**REQUIRED WORK**
What is needed is an exact copy of all the entries.

··· RECORD SET

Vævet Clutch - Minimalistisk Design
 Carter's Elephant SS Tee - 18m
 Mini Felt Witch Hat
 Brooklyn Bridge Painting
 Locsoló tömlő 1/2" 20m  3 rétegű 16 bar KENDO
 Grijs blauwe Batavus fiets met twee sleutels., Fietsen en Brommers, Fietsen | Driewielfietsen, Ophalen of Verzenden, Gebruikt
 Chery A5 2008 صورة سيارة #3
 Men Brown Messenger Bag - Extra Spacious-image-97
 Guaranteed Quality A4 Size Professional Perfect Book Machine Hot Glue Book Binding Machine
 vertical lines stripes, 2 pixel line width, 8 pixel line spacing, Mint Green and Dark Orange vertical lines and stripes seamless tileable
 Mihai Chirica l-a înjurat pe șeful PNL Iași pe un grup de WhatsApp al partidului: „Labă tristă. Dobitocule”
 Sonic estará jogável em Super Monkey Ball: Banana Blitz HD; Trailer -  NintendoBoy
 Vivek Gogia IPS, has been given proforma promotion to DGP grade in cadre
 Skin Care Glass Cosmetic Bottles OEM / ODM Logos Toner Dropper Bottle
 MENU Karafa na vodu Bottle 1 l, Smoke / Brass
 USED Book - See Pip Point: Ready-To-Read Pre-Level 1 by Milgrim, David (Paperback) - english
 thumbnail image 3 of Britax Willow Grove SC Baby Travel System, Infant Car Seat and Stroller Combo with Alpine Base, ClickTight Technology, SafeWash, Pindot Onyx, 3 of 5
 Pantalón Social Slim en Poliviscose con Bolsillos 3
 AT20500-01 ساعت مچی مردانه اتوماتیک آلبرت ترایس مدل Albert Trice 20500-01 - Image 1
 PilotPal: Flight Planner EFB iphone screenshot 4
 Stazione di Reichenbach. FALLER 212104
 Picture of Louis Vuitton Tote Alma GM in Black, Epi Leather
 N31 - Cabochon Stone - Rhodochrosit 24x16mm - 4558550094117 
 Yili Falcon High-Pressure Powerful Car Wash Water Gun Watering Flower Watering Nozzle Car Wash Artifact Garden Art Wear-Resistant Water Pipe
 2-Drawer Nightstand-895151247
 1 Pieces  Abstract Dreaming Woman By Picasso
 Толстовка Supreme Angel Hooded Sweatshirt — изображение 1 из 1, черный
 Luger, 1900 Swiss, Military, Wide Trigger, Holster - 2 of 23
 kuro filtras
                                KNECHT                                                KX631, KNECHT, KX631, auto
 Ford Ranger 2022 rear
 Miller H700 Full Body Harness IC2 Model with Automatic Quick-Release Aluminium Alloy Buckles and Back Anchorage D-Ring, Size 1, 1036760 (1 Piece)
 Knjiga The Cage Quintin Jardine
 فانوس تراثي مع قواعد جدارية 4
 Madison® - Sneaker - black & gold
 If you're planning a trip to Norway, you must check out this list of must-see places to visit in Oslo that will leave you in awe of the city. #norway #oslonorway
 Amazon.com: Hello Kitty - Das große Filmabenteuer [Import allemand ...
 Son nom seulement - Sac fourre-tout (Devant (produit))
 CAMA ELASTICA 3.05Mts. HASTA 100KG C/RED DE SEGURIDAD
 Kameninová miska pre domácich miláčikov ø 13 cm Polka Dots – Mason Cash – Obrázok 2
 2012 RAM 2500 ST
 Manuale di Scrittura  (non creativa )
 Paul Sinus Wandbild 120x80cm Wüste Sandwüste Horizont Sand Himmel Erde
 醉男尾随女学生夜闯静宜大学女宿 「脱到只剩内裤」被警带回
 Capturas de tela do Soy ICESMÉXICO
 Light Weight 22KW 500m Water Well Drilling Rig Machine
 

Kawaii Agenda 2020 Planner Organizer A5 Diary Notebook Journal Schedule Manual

······

**EXPECTED ANSWER**
Vævet Clutch - Minimalistisk Design
 Carter's Elephant SS Tee - 18m
 Mini Felt Witch Hat
 Brooklyn Bridge Painting
 Locsoló tömlő 1/2" 20m  3 rétegű 16 bar KENDO
 Grijs blauwe Batavus fiets met twee sleutels., Fietsen en Brommers, Fietsen | Driewielfietsen, Ophalen of Verzenden, Gebruikt
 Chery A5 2008 صورة سيارة #3
 Men Brown Messenger Bag - Extra Spacious-image-97
 Guaranteed Quality A4 Size Professional Perfect Book Machine Hot Glue Book Binding Machine
 vertical lines stripes, 2 pixel line width, 8 pixel line spacing, Mint Green and Dark Orange vertical lines and stripes seamless tileable
 Mihai Chirica l-a înjurat pe șeful PNL Iași pe un grup de WhatsApp al partidului: „Labă tristă. Dobitocule”
 Sonic estará jogável em Super Monkey Ball: Banana Blitz HD; Trailer -  NintendoBoy
 Vivek Gogia IPS, has been given proforma promotion to DGP grade in cadre
 Skin Care Glass Cosmetic Bottles OEM / ODM Logos Toner Dropper Bottle
 MENU Karafa na vodu Bottle 1 l, Smoke / Brass
 USED Book - See Pip Point: Ready-To-Read Pre-Level 1 by Milgrim, David (Paperback) - english
 thumbnail image 3 of Britax Willow Grove SC Baby Travel System, Infant Car Seat and Stroller Combo with Alpine Base, ClickTight Technology, SafeWash, Pindot Onyx, 3 of 5
 Pantalón Social Slim en Poliviscose con Bolsillos 3
 AT20500-01 ساعت مچی مردانه اتوماتیک آلبرت ترایس مدل Albert Trice 20500-01 - Image 1
 PilotPal: Flight Planner EFB iphone screenshot 4
 Stazione di Reichenbach. FALLER 212104
 Picture of Louis Vuitton Tote Alma GM in Black, Epi Leather
 N31 - Cabochon Stone - Rhodochrosit 24x16mm - 4558550094117 
 Yili Falcon High-Pressure Powerful Car Wash Water Gun Watering Flower Watering Nozzle Car Wash Artifact Garden Art Wear-Resistant Water Pipe
 2-Drawer Nightstand-895151247
 1 Pieces  Abstract Dreaming Woman By Picasso
 Толстовка Supreme Angel Hooded Sweatshirt — изображение 1 из 1, черный
 Luger, 1900 Swiss, Military, Wide Trigger, Holster - 2 of 23
 kuro filtras
                                KNECHT                                                KX631, KNECHT, KX631, auto
 Ford Ranger 2022 rear
 Miller H700 Full Body Harness IC2 Model with Automatic Quick-Release Aluminium Alloy Buckles and Back Anchorage D-Ring, Size 1, 1036760 (1 Piece)
 Knjiga The Cage Quintin Jardine
 فانوس تراثي مع قواعد جدارية 4
 Madison® - Sneaker - black & gold
 If you're planning a trip to Norway, you must check out this list of must-see places to visit in Oslo that will leave you in awe of the city. #norway #oslonorway
 Amazon.com: Hello Kitty - Das große Filmabenteuer [Import allemand ...
 Son nom seulement - Sac fourre-tout (Devant (produit))
 CAMA ELASTICA 3.05Mts. HASTA 100KG C/RED DE SEGURIDAD
 Kameninová miska pre domácich miláčikov ø 13 cm Polka Dots – Mason Cash – Obrázok 2
 2012 RAM 2500 ST
 Manuale di Scrittura  (non creativa )
 Paul Sinus Wandbild 120x80cm Wüste Sandwüste Horizont Sand Himmel Erde
 醉男尾随女学生夜闯静宜大学女宿 「脱到只剩内裤」被警带回
 Capturas de tela do Soy ICESMÉXICO
 Light Weight 22KW 500m Water Well Drilling Rig Machine
 

Kawaii Agenda 2020 Planner Organizer A5 Diary Notebook Journal Schedule Manual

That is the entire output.